Doctrine et analyses
Compte rendu

La Cour suprême italienne et la limitation des revendications : combien de fois pouvez-vous essayer et le juge peut-il vous empêcher d'essayer encore ?

PIBD 1233-II-1

d’après l’article d’Agata Sobol* : Italian Supreme Court on claim limitation: how many times can you try and can the judge prevent you from trying more?, in EIPR, (46), 8, août 2024, p. 546-550

Texte

A. Sobol se penche sur une décision de la Cour suprême, en date du 11 décembre 2023, concernant une question qui a beaucoup occupé les juridictions italiennes : la limitation du brevet au cours d’une procédure judiciaire dans laquelle la validité est en jeu1.

Le point de départ est une action en contrefaçon infructueuse : l’expert nommé par le tribunal a jugé le titre partiellement nul, et non contrefait. La limitation du brevet par le titulaire conformément à l’article 79(3) du Code de la propriété industrielle s’est soldée par la même conclusion. Quatre jours avant l’audience finale, le titulaire a présenté une deuxième requête en limitation, jugée irrecevable car tardive. Débouté en appel, il a obtenu gain de cause devant la Cour suprême.

L’auteure présente les grands principes issus de la décision.

Primo, du moins en première instance, la requête peut être présentée jusqu’à l’audience finale, voire pendant celle-ci, sans que cela constitue un abus de droit.

Secundo, la Cour a souhaité clarifier l’articulation entre le droit du titulaire de limiter son brevet et la nécessité de rendre une décision dans un délai raisonnable. Il en résulte que, s’il est satisfait aux conditions de l’article 79(3), la requête ne peut être rejetée au simple motif qu’elle retarderait la procédure. Elle ne peut l’être que si elle est abusive, lorsque la limitation n’est pas son objectif véritable. Le caractère abusif doit alors être établi clairement et sans ambiguïté.
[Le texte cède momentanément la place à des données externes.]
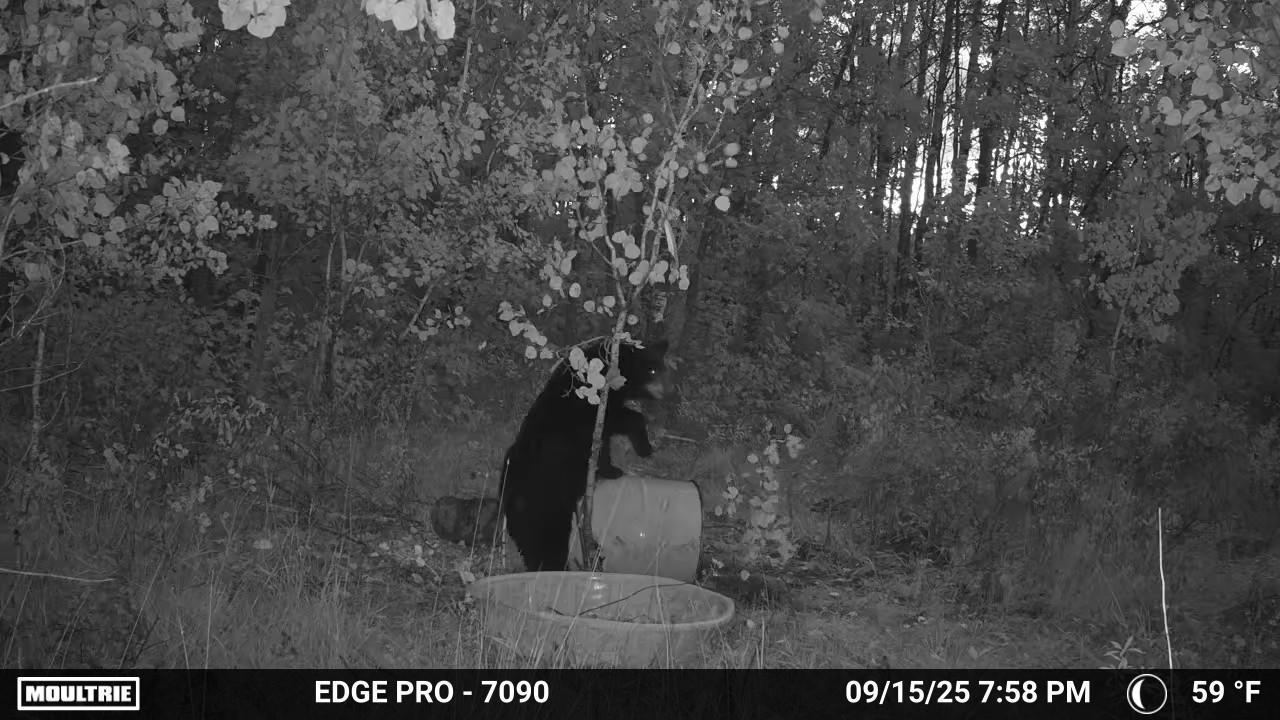 main property photo 19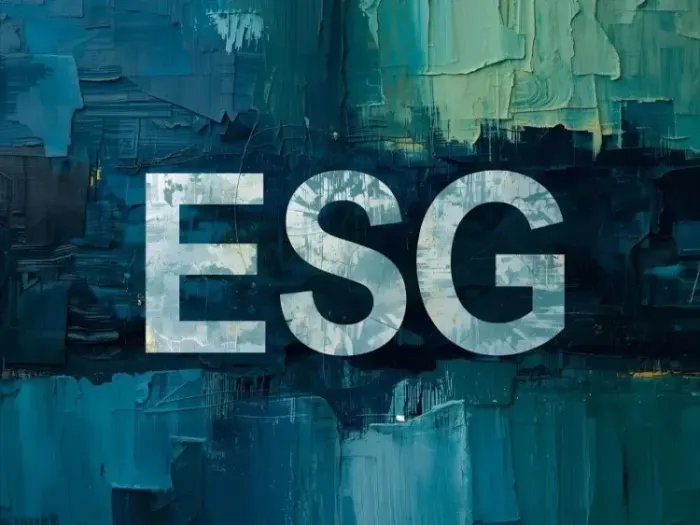 Como Implementar ESG em ONGs: Um guia prático para critérios sociais, de governança e ambientais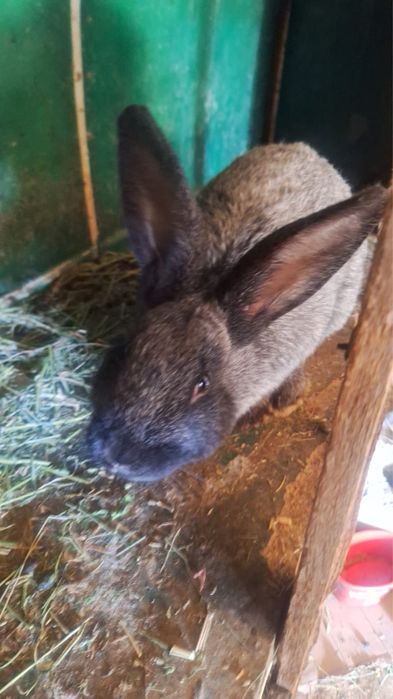 Қояндар сатылады 11 шт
Tertio, le simple fait de présenter une nouvelle requête alors que la précédente a été rejetée au regard de l’art antérieur ne relève ni de l’abus de droit, ni de la mauvaise foi mais de l’exercice de ses droits par le titulaire.

L’auteure note que la Cour fait primer le droit du titulaire de défendre son titre sur la nécessité d’un délai raisonnable. En d’autres termes, mieux vaut un procès équitable qu’un procès rapide, même si la durée est l’un des éléments du droit à un procès équitable.


Les pessimistes penseront peut-être que la Cour a ouvert la voie à d’importants retards dans le contentieux des brevets, une requête en limitation ne pouvant être rejetée que si elle est clairement abusive, ce qui risque d’être difficile à prouver. Les optimistes considéreront peut-être que la limitation posera désormais moins de problèmes d’interprétation. L’auteure fait observer que le rejet d’une requête peut aussi retarder l’issue du litige.

Elle signale enfin que la Cour s’est également prononcée sur la question de la limitation en cours de procédure judiciaire dans une décision du 25 mars 2024.

* Lexsential, Milan.
1 Biolitec Italia S.r.l. c. Eufoton S.r.l. et Alma Lasers Italia S.r.l.